### Raw data ###

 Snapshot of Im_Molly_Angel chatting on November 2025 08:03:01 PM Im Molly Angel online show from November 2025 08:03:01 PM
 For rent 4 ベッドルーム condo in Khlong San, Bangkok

###
### Raw data ###

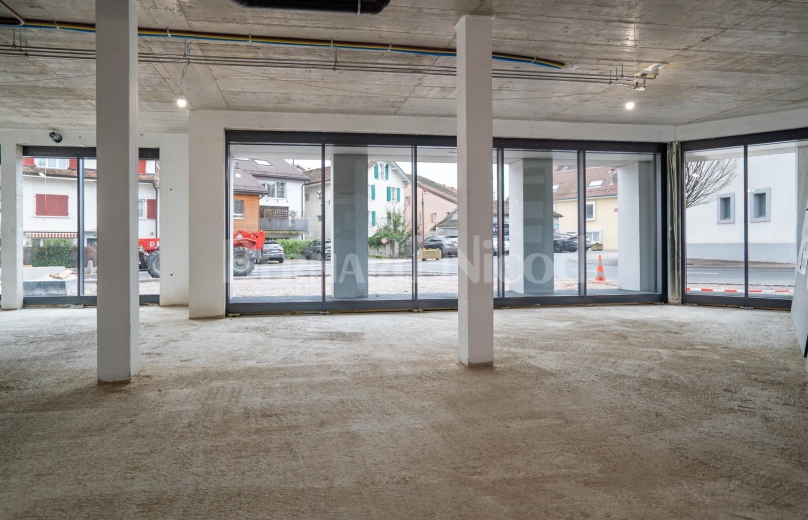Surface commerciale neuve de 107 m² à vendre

###
### Raw data ###

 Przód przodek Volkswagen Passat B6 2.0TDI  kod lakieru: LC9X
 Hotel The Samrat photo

###

From the listing above, return the lines starting at the one with "Przód przodek Volkswagen" and ending at the one with "Hotel The Samrat photo", both kept, exactly as they appear and nothing more.

 Przód przodek Volkswagen Passat B6 2.0TDI  kod lakieru: LC9X
 Hotel The Samrat photo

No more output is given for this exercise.